1. Pigeonhole is a design filter, not just a puzzle. "More customers than shards" instantly disproved a shipped design assumption (D1) with no test — identify the pigeons and holes, check $n > m$, and read off the impossibility.
2. The generalized principle yields hard worst-case bounds. $\lceil n/m\rceil = 625{,}000$ is a floor on the busiest shard that no routing can beat — a proof about every run, the kind of number you size hardware against before benchmarking.

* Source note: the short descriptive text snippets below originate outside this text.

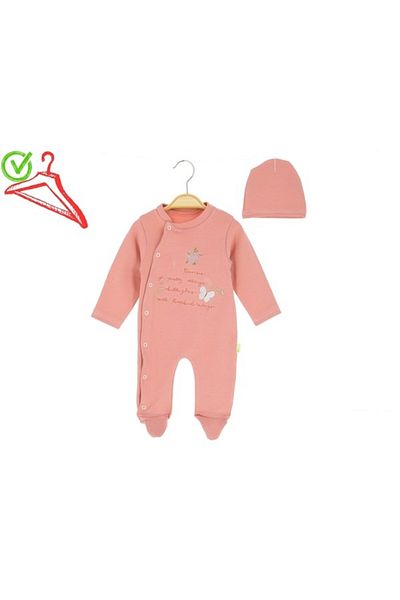 Hayat 165-02-25 Baby Girl Hat Butterfly Embroidered Jumpsuit 3/12 Months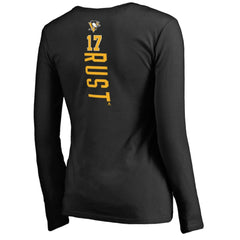Bryan Rust Pittsburgh Penguins Women's Backer Name & Number Long Sleeve V-Neck T-Shirt - Black | NHL near me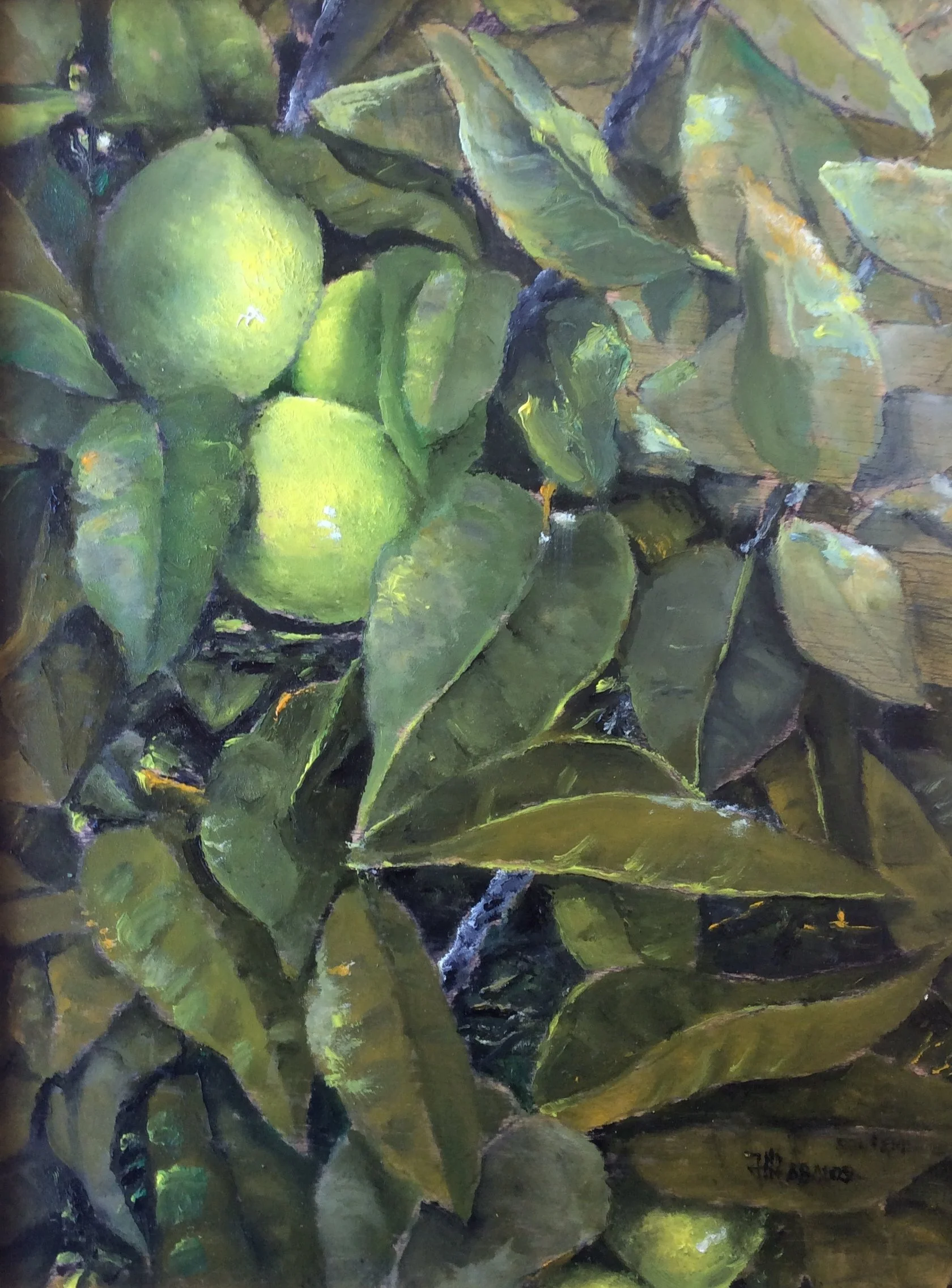 Jose Manuel Ábalos - Oculta sus limones - Oleo sobre tabla - 40x30cm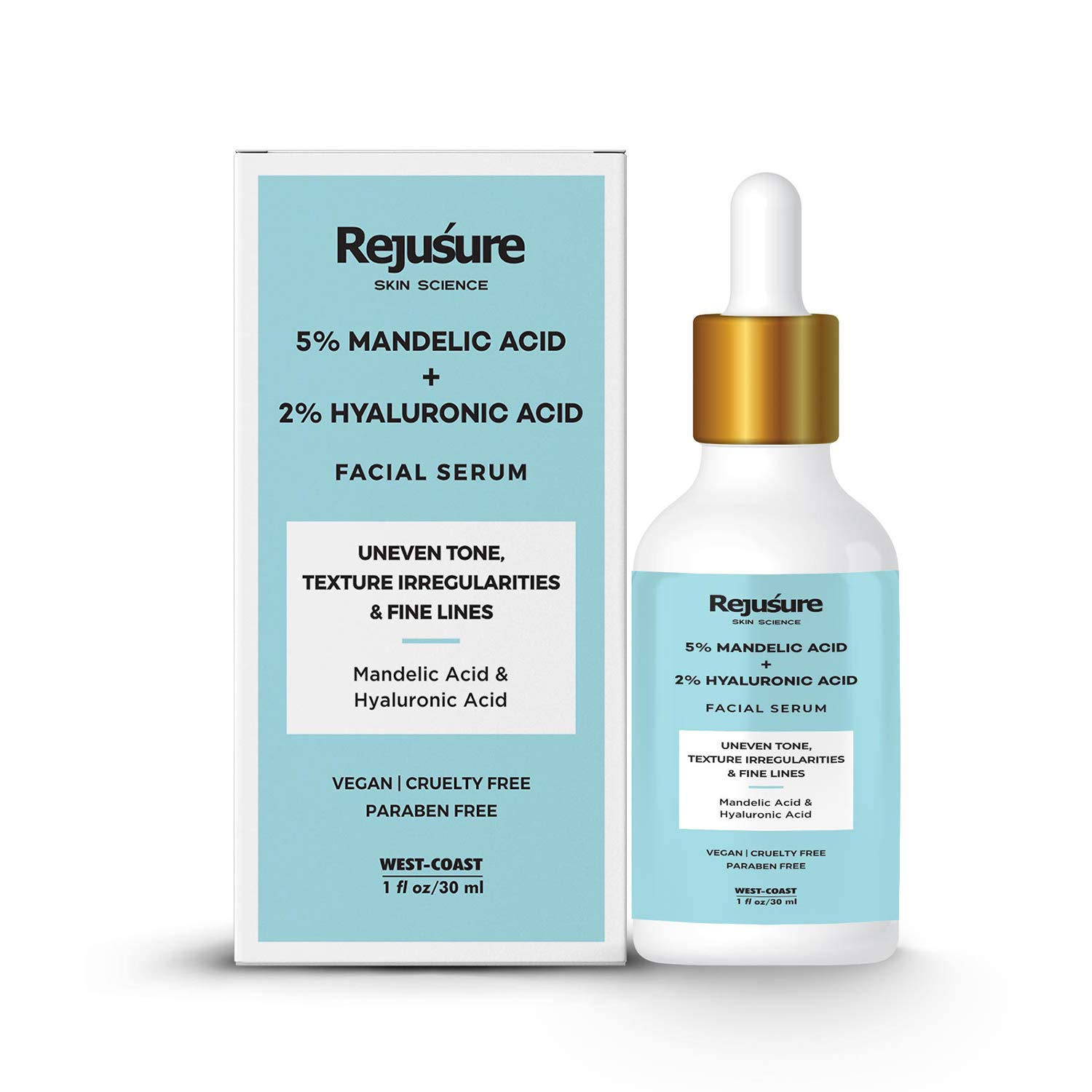 Rejusure Mandelic Acid 5% + Hyaluronic Acid 2% Facial Serum for Brightening, Hydration & Anti-Aging – 30ml | Improves Uneven Skin Tone, Texture & Fine Lines | Perfect for Daily Skincare Routine & Night Treatment
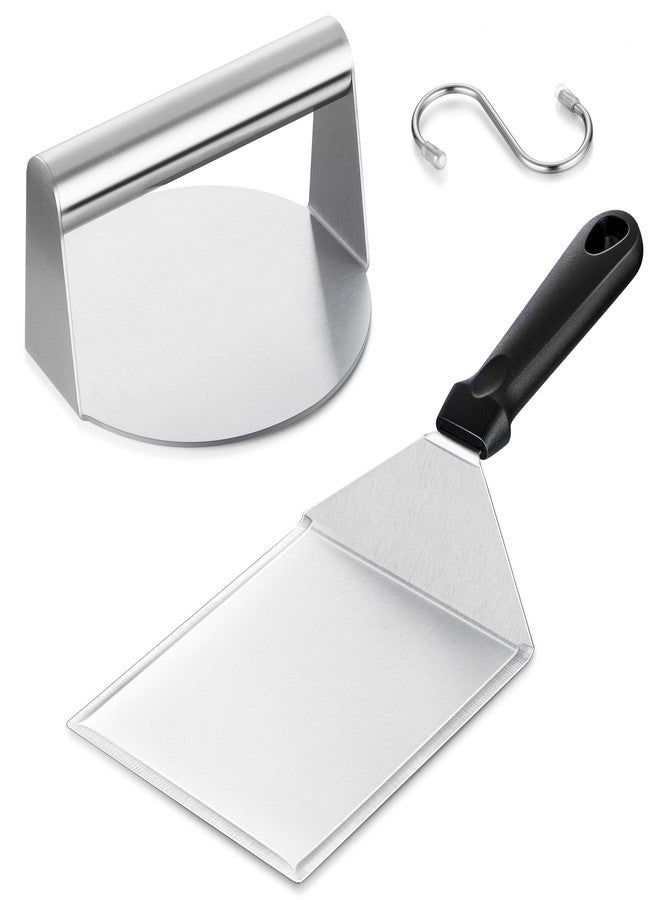 Leonyo Smashed Burger Kit, Large Burger Spatula, 5½ inch Stainless Steel Burger Press, Griddle Spatula, Griddle Accessories Kit for Outdoor Barbecue Teppanyaki Hibachi Cooking Indoor Outdoor - Image 1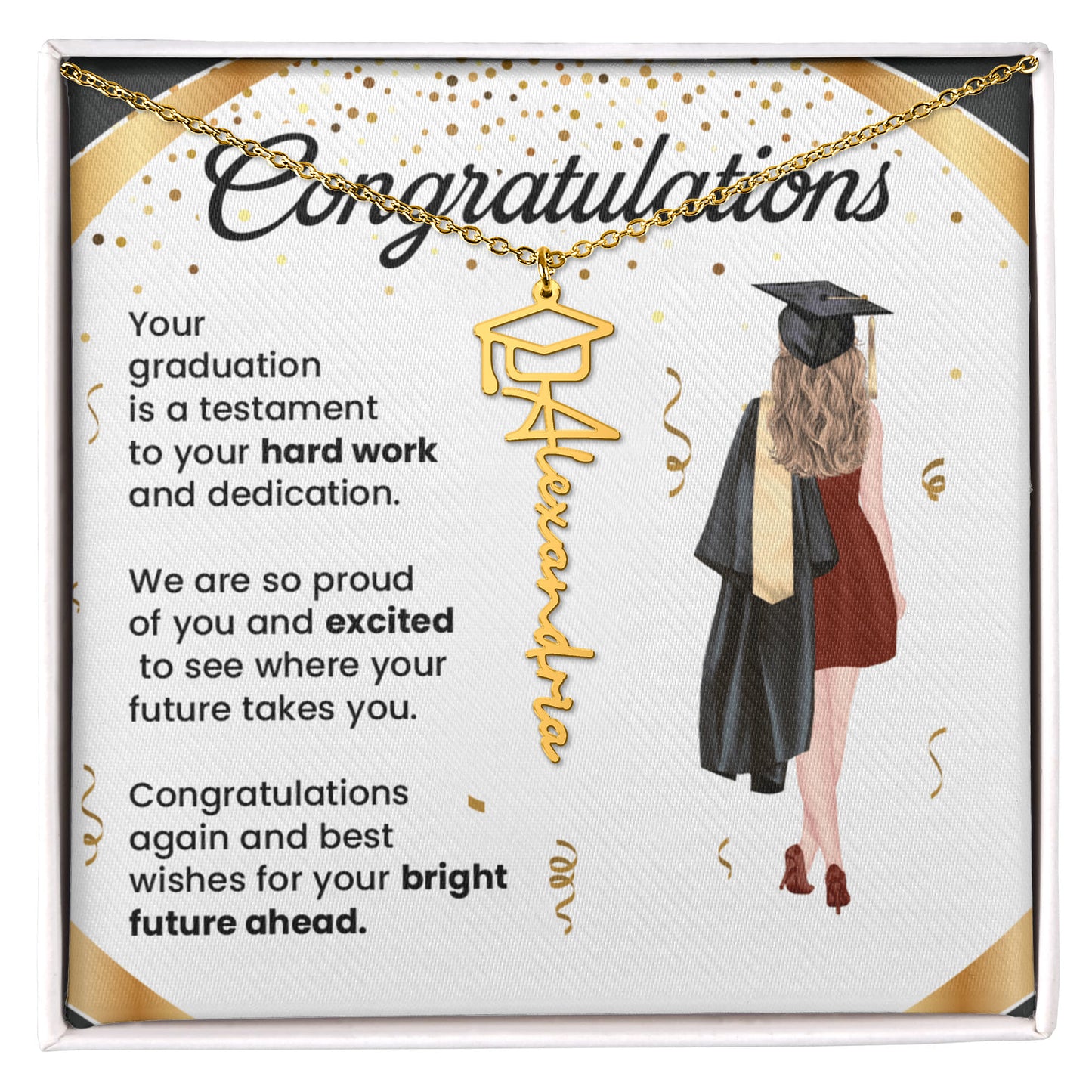 Graduation Necklace Gift – Inspirational Jewelry for Her | Graduation Name Necklace - The Shoppers Outlet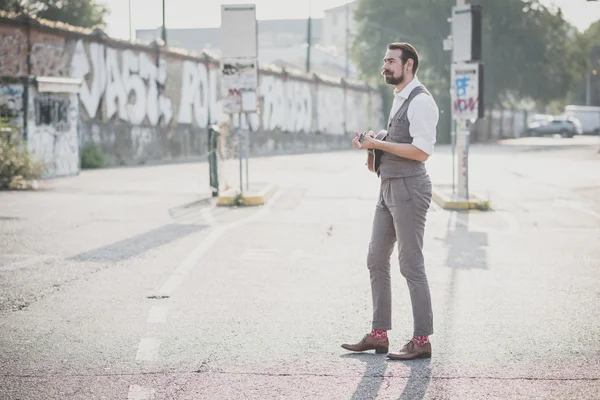 Hezký velký knírek hipster muž — Stock fotografie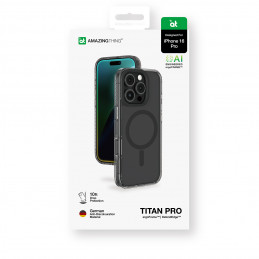 NUOSTABUS „Titan Pro Mag“ dėklas su magnetiniu žiedu, skirtas „iPhone 16 Pro“ – juodas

3. "Every target used" is a surjection. Coverage (D2) is counted exactly by inclusion–exclusion over missed shards; it is usually likely but rarely guaranteed, a distinction that belongs in the design doc and the code.
4. Existence vs. probability are different verdicts. Pigeonhole settles whether something must happen; the surjection count tells you how many configurations have a property. Knowing which question you are asking is half the audit.